過去の選挙で自民党がもっとも大きな敗北を喫したのは1993年7月の衆院選。自民党は過半数割れして下野、細川内閣が誕生したときだ。ところが、株価は一時的に上昇したものの、しばらくすると政権の不安定さが露見してジリ貧に陥った。
基本的に、不景気のときの選挙は自民党に不利に働く。好景気のときは現状維持を望み、不景気のときは「変化」を望む人が増えるからだ。それもあって、細川内閣が誕生した際も当初は大きな期待が寄せられたのだが、結局景気が上向くまでに5か月を要した。 「不景気→自民圧勝」の例外は、自民党でありながら「自民党をぶちこわす」とほえて選挙に臨んだ2005年9月の小泉内閣の衆院選。大和総研の調べによると、株価は衆院解散時に一時的に下げたが、選挙後すぐに上昇し60日(営業日)を過ぎても上がった。
民主党の政策は即効性に欠く
日経平均株価は8月に入っても1万円台をキープしている。8月17日は3日ぶりの大幅反落となったが、終値は前日比328円72銭安の1万268円61銭だった。大手証券の関係者は「一時的なもので上昇基調に変わりはない」と話している。

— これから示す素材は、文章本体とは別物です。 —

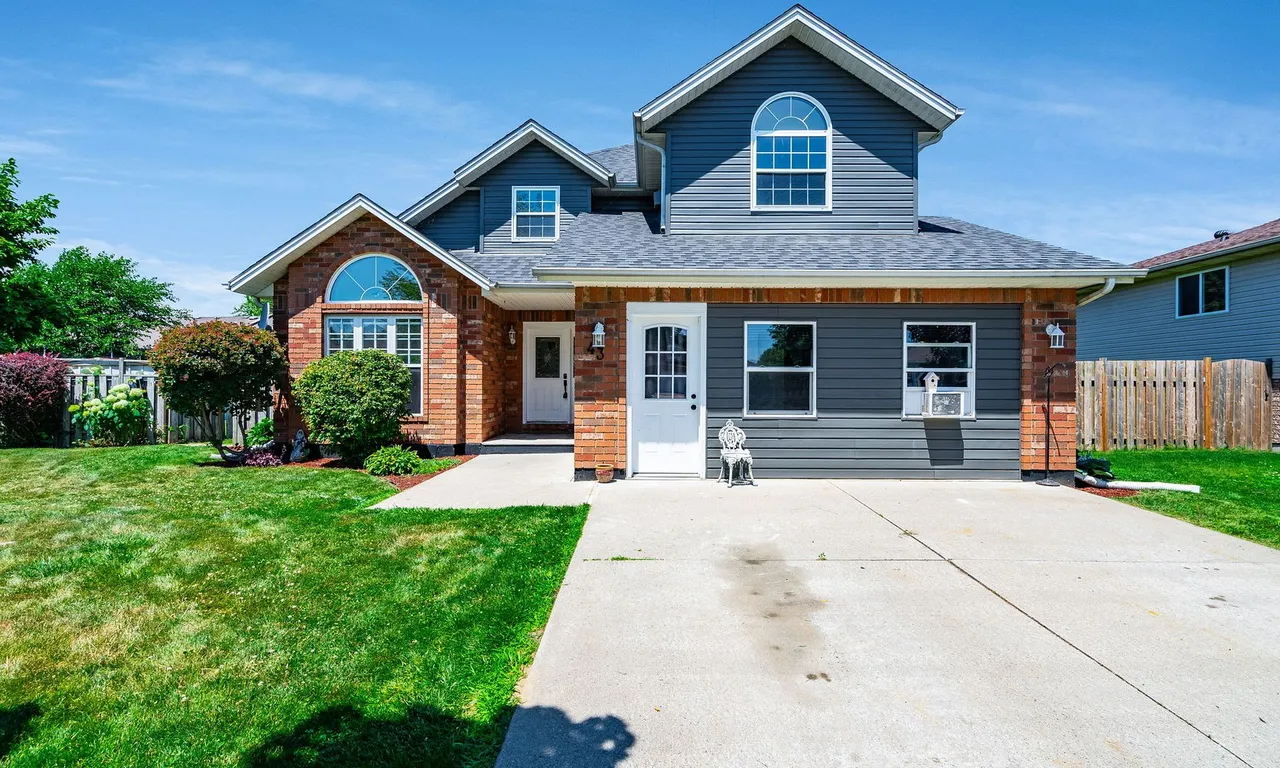 43 Eastgrove Cres, Leamington, ON N8H 5J7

いまの株価は、エコカー減税やエコポイント制度の導入などの麻生内閣の経済対策が効を奏している。政府閣僚による景気の「底入れ宣言」もあった。マーケットには外国人投資家も戻ってきて、7月の買い越し額は08年5月以来の1兆円超となるなど、明るい兆しにある。

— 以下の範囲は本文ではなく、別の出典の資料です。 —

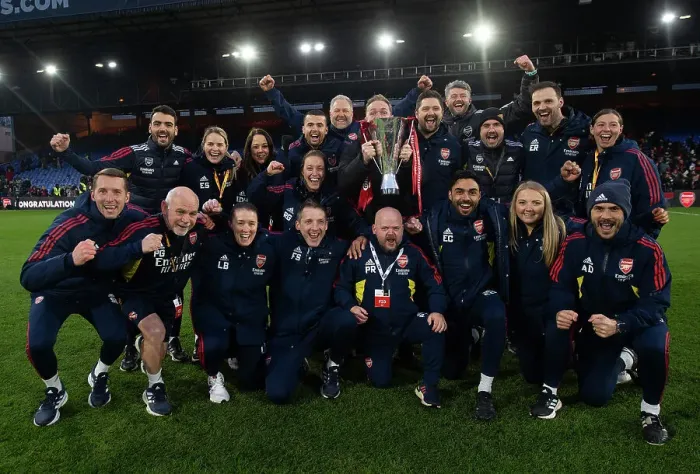 Framed Print : Arsenal Women Celebrate FA WSL Cup Triumph Over Chelsea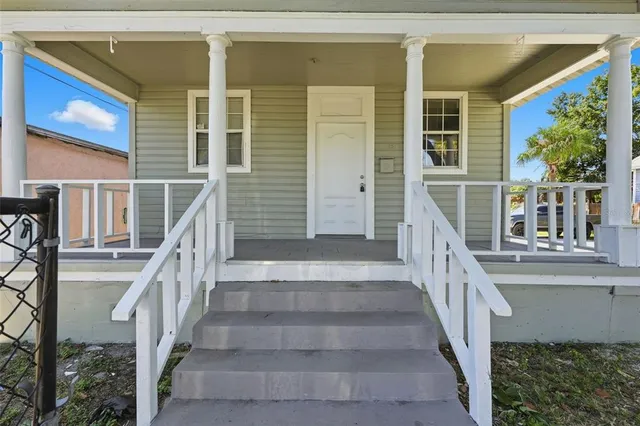 $350,000 | 2310 West Arch Street, Tampa, FL 33607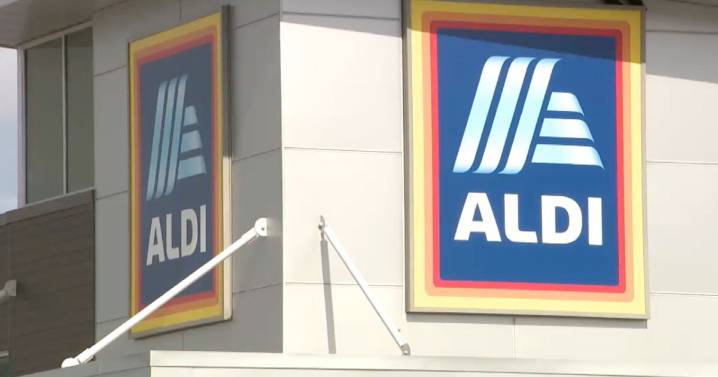 Aldi serves up $40 Thanksgiving feast for 10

こうした株価の動きはすでに「民主圧勝」を織り込んだものといわれているが、麻生内閣の成果といえなくもない。自民党が政権を維持したら、株価はどう動くのだろう――。
第一生命経済研究所の主席エコノミスト・嶌峰義清氏は、衆院選自体が大きく株価を揺さぶることは考えにくいと前置きして、こう観測する。「景気が予想以上に弱いとの見方から、追加の経済対策がポイントになるでしょう」。

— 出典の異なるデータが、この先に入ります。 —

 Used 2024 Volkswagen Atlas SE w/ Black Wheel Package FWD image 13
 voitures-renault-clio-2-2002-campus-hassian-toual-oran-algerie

最近の景気の回復ぶりをみても明らかなように、エコカー減税のような「買わないと恩恵がない」政策は消費を刺激しやすいが、定額給付金のような「買わなくても恩恵に与れる」政策は、需要の刺激効果がいま一つ。民主党の提唱する育児給付金などは後者にあたる。
嶌峰氏は「民主党の政策は即効性に乏しいといえ、株価が軟調に推移するかもしれません」とみている。
自民党の政権維持は、いわば「サプライズ」。ただし、安定感や当座の景気対策への信頼感など「手堅い」面がある。足元で株式を売買している人の多くが、短期投資を中心とする外国人投資家なので、「自民党の政権維持ならば、一たんは株価の上昇要因になる」という。